**The problem**
Nothing but the pictures may be dropped; the rest of the listing is to be written out exactly.

**Collected data**

-- Opening Marker --

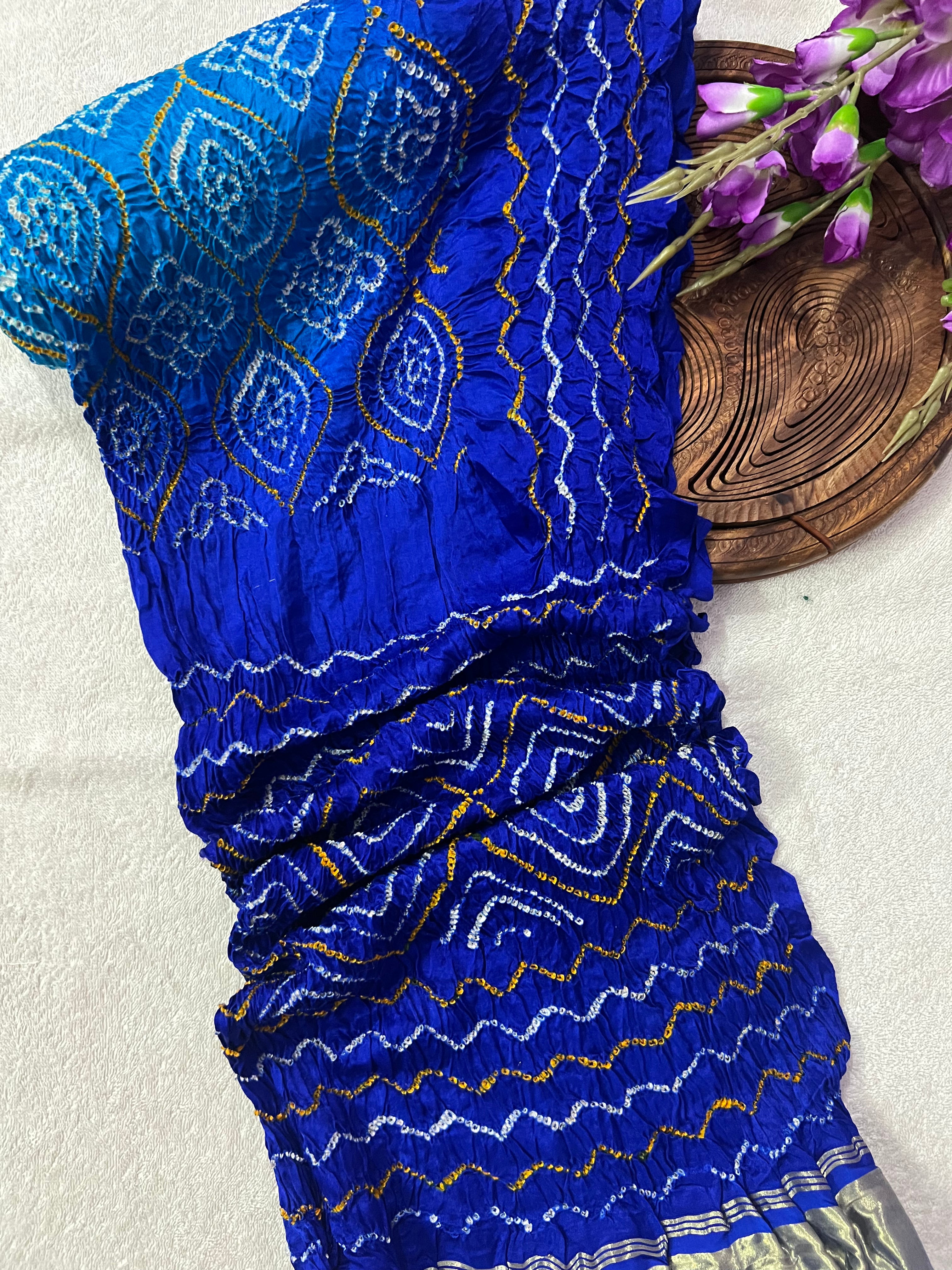 Gaji Silk Bandhej Saree Main image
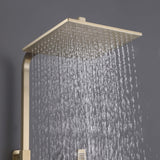 Wall Mount 3-in-1 Thermostatic Shower System Includes Concealed Valve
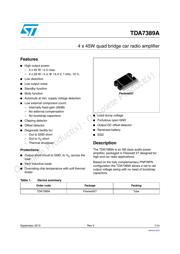 TDA7389A 数据规格书 1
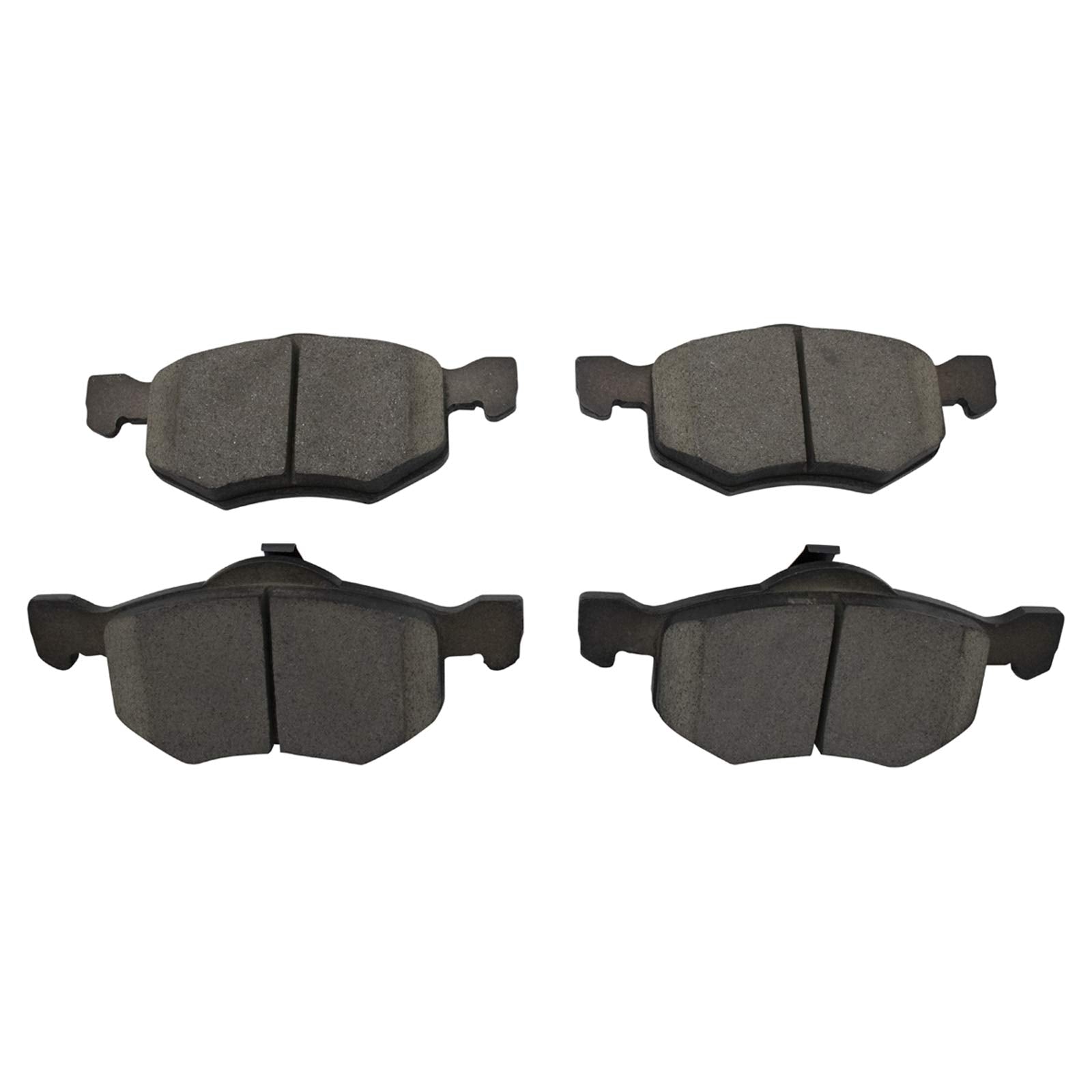 TRQ Front Brake Pads Ceramic Compatible with 2001-2007 Ford Escape 2001-2006 Mazda Tribute 2005-2007 Mercury Mariner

-- Closing Marker --

**Result of this exercise**
 Gaji Silk Bandhej Saree Main image
 Wall Mount 3-in-1 Thermostatic Shower System Includes Concealed Valve
 TDA7389A 数据规格书 1
 TRQ Front Brake Pads Ceramic Compatible with 2001-2007 Ford Escape 2001-2006 Mazda Tribute 2005-2007 Mercury Mariner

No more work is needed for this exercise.